Sebagai nama kolektif, Suku Daya yang terdapat di Kalimantan terdiri dari beberapa sub-suku, di antaranya; Daya Kanayatn, Daya Bakati`, Daya Banana`, Daya Ahe, Daya Ayo, Daya Behe-Dait, Daya Manyuke, Daya Temila, Daya kantuk, Daya Punan, Daya Ot Danum, Daya Iban, Daya Ngebukit, Daya Mualang, Daya Pangkodan, Daya Dosan, serta masih banyak lagi sub-suku Daya yang lain. Kekerabatan suku Daya berdasar pada sub-suku mereka masing-masing. Namun mereka telah memiliki asosiasi atau perkumpulan yang menyatukan dan menjadi sarana komunikasi antar kerabat Daya yakni Kongres Persatuan Dayak.
Dari sekian sub suku Daya tersebut, mata pencaharian utama mereka adalah bercocok tanam, dengan sistem perladangan berpindah. Masyarakat Daya berkeyakinan bahwa padi itu sifatnya sakral (ilahiah) dan harus diperlakukan sesuai dengan martabatnya, sejak ditanam hingga dimasukkan kembali ke dalam lumbung. Sesuai keyakinan, padi adalah tumbuhan langit yang pada mulanya merupakan tumbuhan asing di muka bumi ini.
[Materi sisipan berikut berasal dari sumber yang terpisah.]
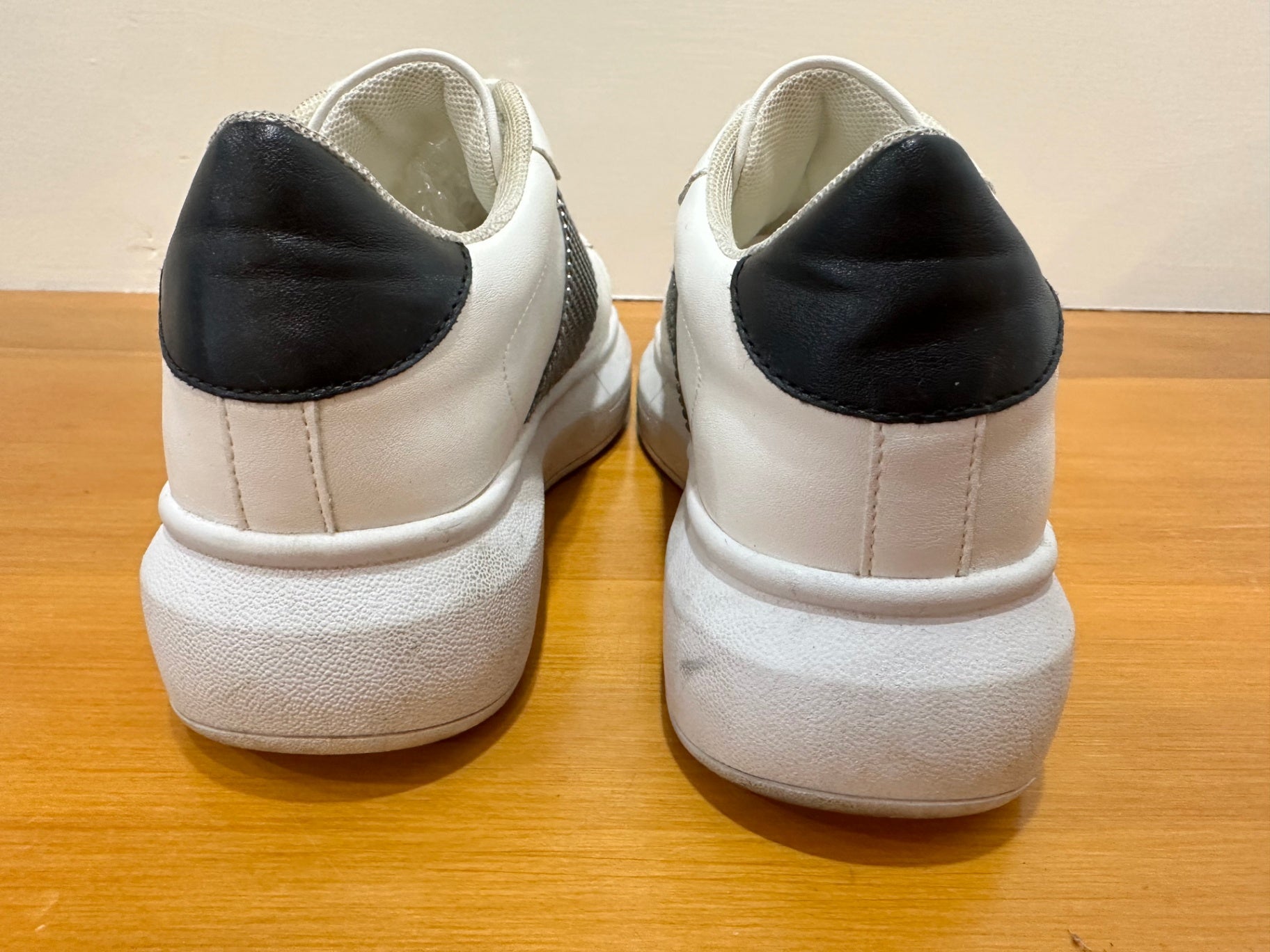 Stella + Gemma Sneakers - Size 38 - White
Padi yang mengalami penurunan martabatnya karena berada di dalam dunia gelap (alam nyata, bumi), haruslah dikembalikan wujud kesakralannya dengan cara mempersembahkan berbagai upacara baginya yang berkesinambungan.
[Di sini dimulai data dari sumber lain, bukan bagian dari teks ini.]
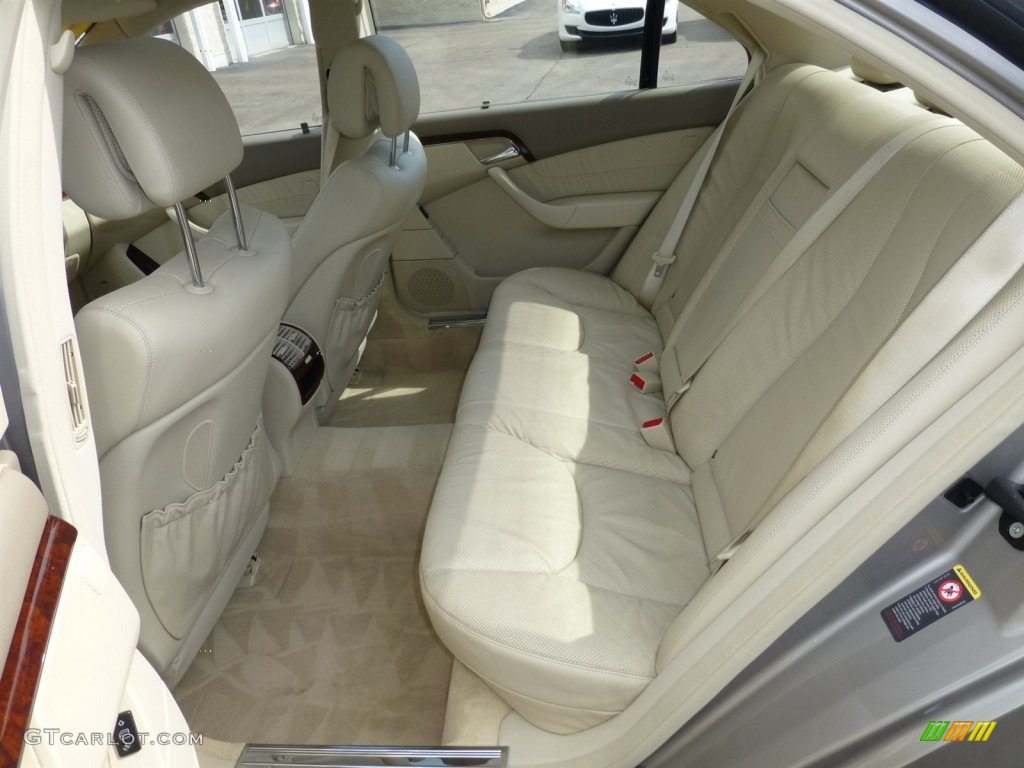 2006 Mercedes-Benz S 500 4Matic Sedan Rear Seat Photo #91577642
Salah satu faktor penyebab lahirnya pemikiran mistis religi manusia Daya adalah keadaan geografis Kalimantan, seperti; luasnya daerah, hutan yang lebat, sungai lembah dan gunung-gunung. Sepanjang berladang, mereka mengadakan upacara-upacara yang wajib dilakukan. Maka dapat disimpulkan bahwa upacara selama kegiatan berladang termasuk dalam sistem religi suku Daya. Misalnya upacara naik dango dan gawai.
Kondisi alamiah Kalimantan yang penuh misteri, kemudian melahirkan pertanyaan-pertanyaan fundamental seperti: siapkah penguasa alam ini? Siapa yang mengatur bulan dan bintang, mata hari, hujan, siang, dan malam? Kondisi yang demikian telah melahirkan konsep tentang realitas mutlak, yakni sesuatu yang harus ada, sebagai mana ia ada menyatakan dirinya. Pemahaman inilah yang kemudian menjadikan kehidupan masyarakat Daya menjaga kebudayaannya pada keselarasan alam.